Ce qui est également fantastique dans cet urbanisme c’est que pour moi on est dans une ville utopique, c’est-à-dire une ville où l’on trouve une imbrication entre le végétal et le bâti. Il y a également tout un système de trames intermédiaires de venelles, qui permet de circuler, de sortir des sentiers battus.
- On peut circuler à l’intérieur du « pâté de maison »…
- Oui, on peut s’infiltrer dans le quartier…et ça pour moi c’est le summum, ça crée un endroit extrêmement agréable à vivre, à parcourir, ça me rappelle d’ailleurs les espaces sacrés du Ryoan-Ji à Kyoto, cette sorte de cité où on passait d’un temple à l’autre et où on avait ce principe d’allées et de contre-allées qui nous permettaient d’accéder aux différents temples et jardins zen.
Ça me rappelle aussi l’urbanisme précolombien où on retrouve dans les villes mayas une forme de densité -même si dans ces villes-là, la trame viaire n’est pas vraiment présente. C’est surtout cette idée que tu peux circuler entre les maisons et que la notion de propriété exclusive et restrictive n’existe pas. Ce qui fait qu’on se sent bien dans cet endroit c’est aussi que notre regard a toujours un point de fuite, a toujours un endroit par lequel s’échapper. Ça rejoint d’ailleurs les théories sur l’ilot ouvert de Portzampac, c’est-à-dire l’idée de ménager des porosités visuelles au maximum et si possible ensuite de faire en sorte que les gens puissent pénétrer dans l’ilot.
- Quel calme dans ces rues… Il y a des gens qui promènent tranquillement leur chien, d’autres à vélo, des voitures qui passent, en roulant au pas… On entend beaucoup les avions… on a l’impression qu’on est à la campagne !
- Oui, on est hors la ville. On est dans la ville et hors la ville à la fois.
(…)
- Et paradoxalement, la source de tout cela, c’est quoi ? Ça reste la vanité humaine. C’est-à-dire qu’il y a eu une période très faste du Chili où de grands industriels ont fait fortune et ont décidé de se faire construire des mausolées à l’image de leur statut social. Et pour ça ils ont fait appel à des architectes. Et c’est bien là la différence avec nos cimetières, c’est que finalement, on est ici dans une architecture, on est dans quelque chose de pensé, de construit mais en même temps auquel on a laissé suffisamment de flexibilité pour que le temps s’installe, pour que la végétation prenne ses droits de manière équilibrée par rapport au bâti. Et je m’interroge : pourquoi est-ce qu’à un moment donné, nous en France, on a abandonné cette question ? Pourquoi est-ce que nous les architectes, urbanistes et paysagistes avons complètement délaissé cette question ? Quand je vois ça je trouve ça incroyable qu’on en soit réduit à nos espèces de machins, ces grandes étendues moroses et déprimantes de cailloux concassés qu’on ne parcourt que pour la Toussaint (et encore). Ces espaces, ce sont des non-lieux. Ils sont tellement aux antipodes de l’architecture, qu’ils en perdent le statut de lieu. Ce sont des trous béants dans la ville, des fractures urbaines, un espace que tout le monde contourne, qui n’existe plus dans la représentation mentale des citadins. Pourquoi est-ce qu’on ne fait pas de nos cimetières de véritables lieux de vie ?

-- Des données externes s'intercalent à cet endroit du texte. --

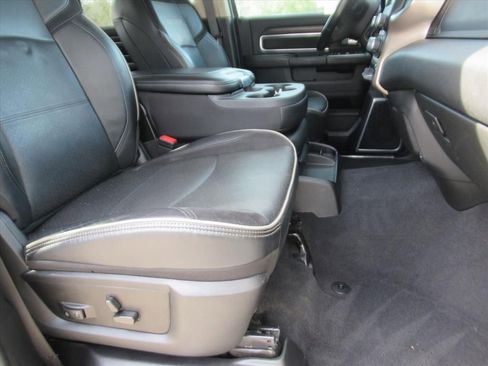 Used 2022 RAM 3500 Laramie image 11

Autre chose, pourquoi est-ce qu’on ne s’est pas dit : on pourrait faire de la densité dans un cimetière ? Et ici ils le font très naturellement, ils font des bâtiments collectifs-mausolées. Qui sont d’ailleurs très agréables, ils restent frais, on circule entre les étages, il y a même des ascenseurs dans certains d’entre eux. On a même une grande qualité architecturale, avec un système de rampes, de demi-niveaux décalés, de promenade architecturale. On est bien dans une architecture, dans l’idée de collectif de la demeure éternelle. C’est brillant. Parce qu’au fond, quand tu es dans des villes aussi immenses, qu’est-ce que tu fais de tous les corps ? Nous on a résolu ce problème à un moment donné de notre histoire en créant les catacombes, mais aujourd’hui, qu’est-ce qu’on fait ? Pour moi c’est une grande question. Qu’est-ce qu’on fait de nos morts ? C’est crucial. En tout cas ici c’est un lieu qui aborde la question de la mort de manière très décomplexée. C’est un lieu social en fait, un lieu ouvert, vivant…

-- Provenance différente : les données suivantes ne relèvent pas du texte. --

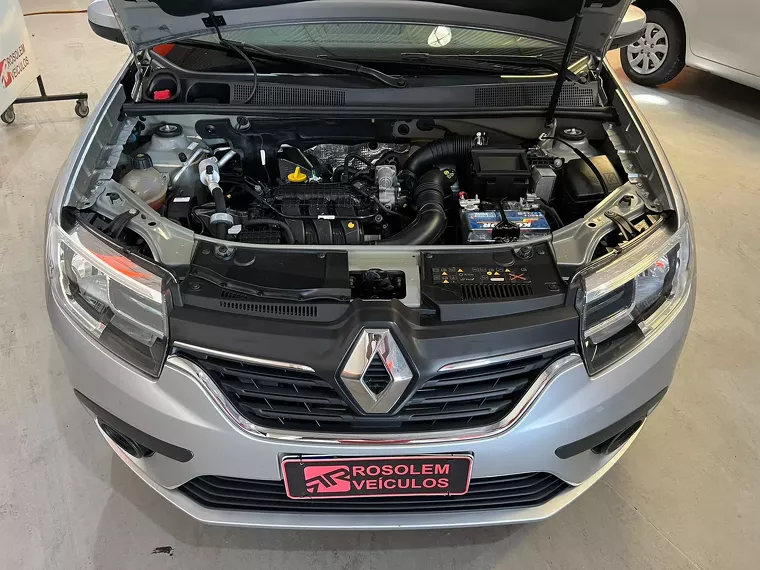 Renault Logan Prata 11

- Ce qui est intéressant c’est que les morts ici sont à la fois tous ensemble, dans un même lieu –sauf la distinction avec le cimetière catholique de l’autre côté de l’avenue - et à la fois qu’ils se regroupent par affinité, ce qui est très original. En parallèle des monuments dédiés à une seule famille il y a des bâtiments spécialisés pour les immigrés italiens, pour les immigrés français, le bâtiment des anciens employés de commerce, des pompiers, des professeurs d’université, des invalides, des militaires,… Et l’architecture de tous les bâtiments est magnifique, merveilleuse, ça part dans tous les sens, mais cela conserve toutefois une espèce de beauté. Suite à notre discussion sur la ville nouvelle, la ville sans âme, je trouve qu’ici on est vraiment dans de l’Histoire, dans une ville qui a l’air presque plus ville que la ville en dehors.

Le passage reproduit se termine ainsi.